Dr. Emily Mitchell, first author at the Wellcome Sanger Institute and clinician at CUH, said, “For the first time, we have taken a systematic view of the genetic effects of chemotherapy on healthy tissues—in this case, blood. We find that some, but not all chemotherapies cause genetic mutations and premature aging in normal blood.

“This study lays the groundwork for future research into the effects of chemotherapy on many other normal tissues, including multiple tissue sampling pre and post-treatment, across a range of chemotherapies in a larger group of patients. This comprehensive view would reveal the full range of effects of different chemotherapies, and help us to optimize patient health in the long term.”

Dr. Jyoti Nangalia, co-lead author at the Wellcome Sanger Institute and Consultant Hematologist at CUH, said, “The effects of chemotherapy we see here—increasing numbers of mutations and premature aging of healthy blood—reasonably contribute to the heightened risk of additional cancers and the patient’s ability to tolerate further treatments in the future.

“Given that for many cancers, chemotherapy drugs can be switched with other agents to achieve similar results, we hope such genomic data will guide the optimization of future treatment plans to deliver effective chemotherapies with much fewer damaging side effects for patients.”

David Scott, Director of Cancer Grand Challenges, said, “This important research helps us better understand how some chemotherapy drugs can affect healthy cells as well as cancer cells.

“While many cancers can now be targeted using precision therapies, chemotherapy remains a key way to treat some cancers and saves many lives every year, so it’s vital that patients continue with the treatment recommended by their doctor.

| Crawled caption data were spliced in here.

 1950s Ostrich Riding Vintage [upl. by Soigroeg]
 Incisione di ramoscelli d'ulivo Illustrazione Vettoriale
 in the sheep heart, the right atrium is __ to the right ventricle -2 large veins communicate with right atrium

At the same time, studies like this are crucial for helping scientists improve cancer treatments in the future—making them not only more effective but also safer for people living with cancer.”

Professor Sir Mike Stratton, Mutographs team lead and co-lead author at the Wellcome Sanger Institute, said, “I believe that the results of this study hold implications for the way that chemotherapies are used to treat cancer patients. We are constantly on the lookout for better ways of giving therapy and minimizing the side effects of toxic, systemic treatments.

“I’m hopeful that the genomic information from this and future studies will guide choices of chemotherapies, and their adoption in clinical practice.”